Tandoori Chicken is virtually inedible at most Indian restaurants in the U.S. Often hard, occasionally burnt, they afford us little joy. Again, the folks at Palace of Jaipur break free from the crowd in their well marinated, juicy chunks of Tandoori Chicken.
If you are a herbivore, nothing to fret either. These guys are equally adept when it comes to pandering to your vegetarian taste-buds too.
Palace of Jaipur’s Methi Malai Mutter in a thick gravy with fresh Naan is the kind of stuff that wars are fought over not Helen of Troy or non-existent WMD.
The dry Aloo Beans Curry and the spicy Mushroom Chilli Fry were equally impressive.
Now, now, let’s not go overboard, shall we.
Tomato Soup was less than ordinary with a Campbell flavor and the Egg Fried Rice wouldn’t get a C grade out of us even if Sunny genuflected before us.
But these are trivial complaints amid the lavish flavors the restaurants bestowed on our palates.
We fell upon our Rasmalai and Gulab Jamun like starving Biharis digging into their meagre rice morsels.
Set in a flavorful and sweet milky liquid with a sprinkling of pistachio powder, the paneer balls were a divine concoction. No way, mortal hands can turn out such delights.
Gulab Jamun with the warm sweet syrup and the fruit cocktail (flavored custard milk with variety of fruits) set us off on an exhilarating journey.

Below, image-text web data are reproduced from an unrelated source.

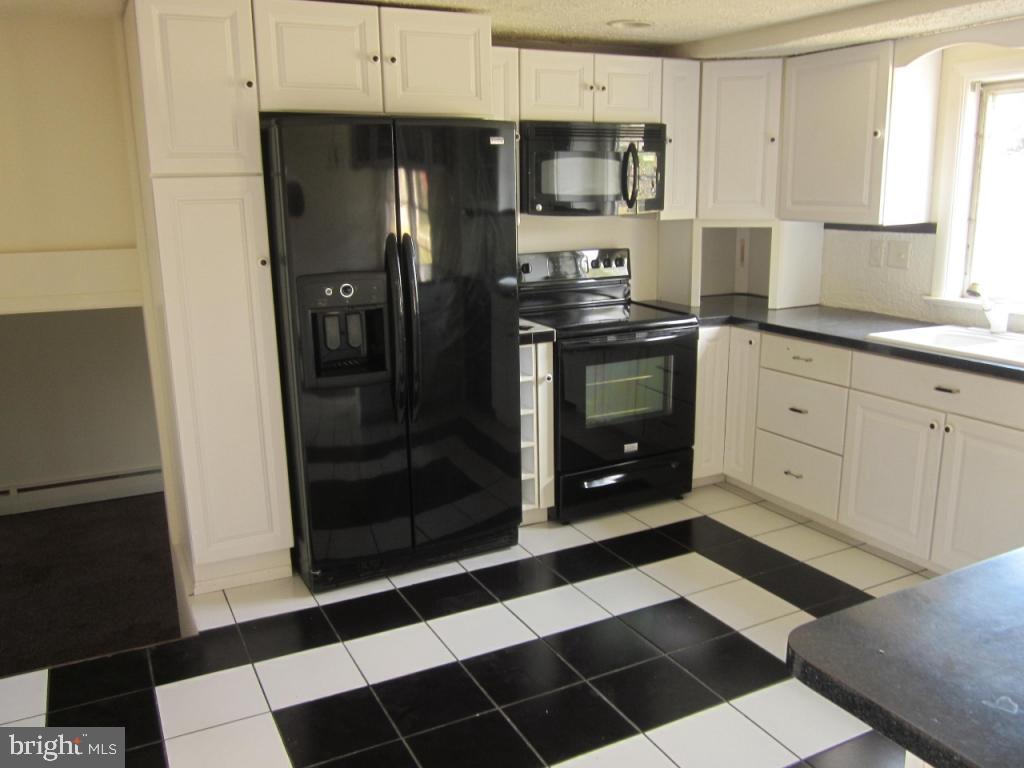 122 Whitney Road Lancaster, PA 17603 - Photo 8 of 22 Gallery Image 8
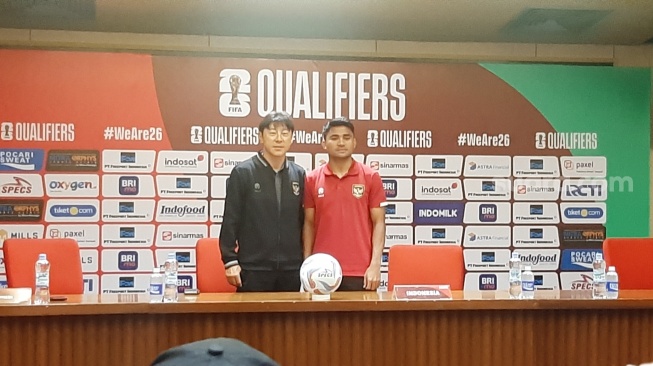 Pelatih Timnas Indonesia Shin Tae-yong bersama kapten tim Asnawi Mangkualam saat konferensi pers sehari jelang melawan Brunei Darussalam di Stadion Utama Gelora Bung karno (SUGBK), Senayan, Rabu (11/10/2023). (Suara.com/Adie Prasetyo Nugraha).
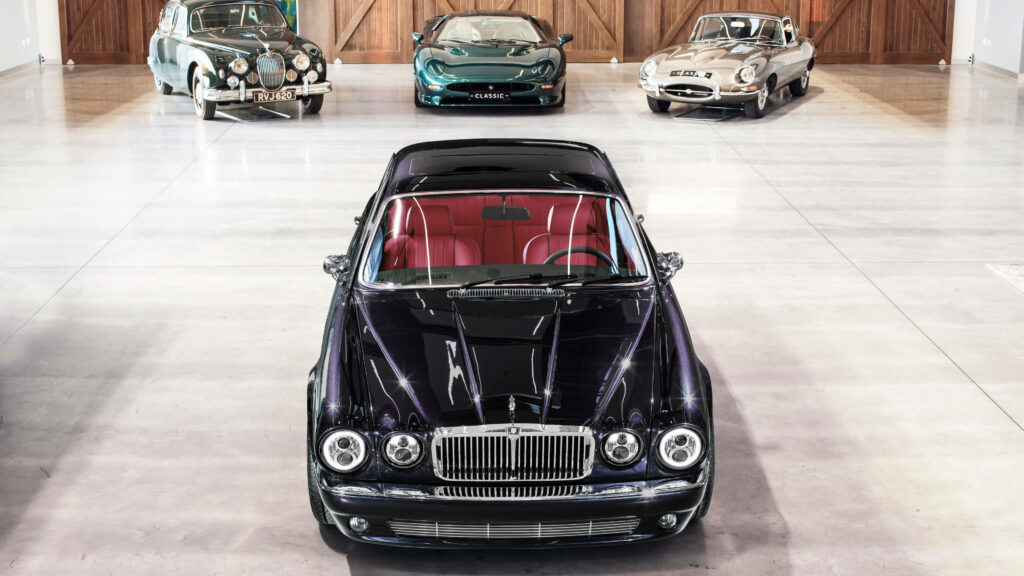 Elegant Jaguar Cars Wallpaper: Timeless Design & Luxury Detailing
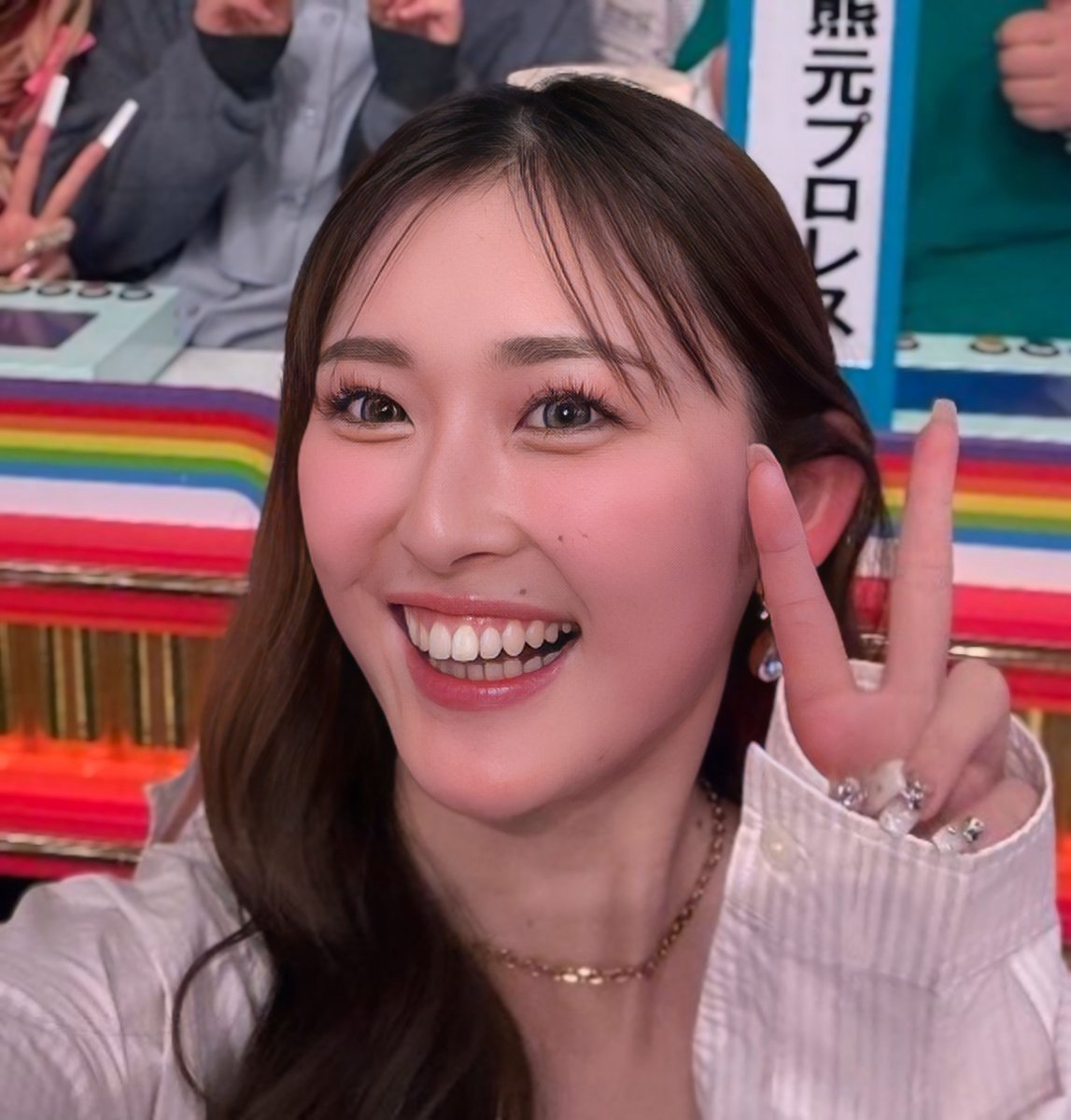 まみ@美女百科 tweet media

Gajar Halwa wasn’t bad but nothing to write home about either. It was a little low on ghee and a bit watery.
We went for the buffet on a week day – $8.95 for 1 appetizer, 4 veg items, 3 non-veg, 4 desserts, soup, two rice items, Naan, Chutney bar and Pappad.
If that’s not remarkable value for money, pray tell us what is.
On weekends, the buffet goes up to $10.95 but presumably more items are included.
Nice Service Too
Indian restaurants are notoriously hopeless when it comes to service and usually treat desis with contempt.
Here too, Palace of Jaipur veers away from the herd.
To our immense delight, polite service accompanied the fine vegetarian and non-vegetarian food.
A rare trifecta, na?
Our Guatemalan waiter smiled (has anyone ever seen a waiter smile in an Indian restaurant in the U.S.?) and filled our water glasses, got us hot Naan bread, cleaned our table off the used plates, all promptly.
Most Indians, unlike Americans, generally do not like ice in their water. We were pleased to note that our water glasses contained no ice. Another nice touch, eh.
Lo, even the owner Sunny Chugh came over to our table and inquired about the food.
The dark-complexioned native of Delhi, who seemed to be in his late 50s, told us he took over Palace of Jaipur three years back but apparently the restaurant had been in business for two years prior to his entry.
Being inquisitive souls, we couldn’t but help ask Sunny the secret of his success.
Crediting his chef, Sunny claimed he was paying him $1,400 per week when other Indian restaurants paid their chefs a mere $700 a week (hello, Palace of Jaipur chef, if this is not true now’s the time to grab your bossÂ by his cojones and ask for a raise).
But the restaurant is hot, particularly in the glass enclosed patio. Is Sunny skimping on the AC to cut costs?
Better Than Nearby Tawa
Guys, unless you are complete retards, have taken a vow of abstinence from worldly pleasures or simply determined to punish yourself, you’ll make Palace of Jaipur your next port of call for Indian food in South Plainfield, NJ.
The standout food and courteous service at Palace of Jaipur makes it a far superior restaurant compared to the nearby Tawa (been there for dine-in and ordered delivery as well).
We’ll take Palace of Jaipur over Tawa any day. Absolutely.
Hey, we’re counting the days until our next trip to Palace of Jaipur.
Bravo, Sunny! May your tribe increase.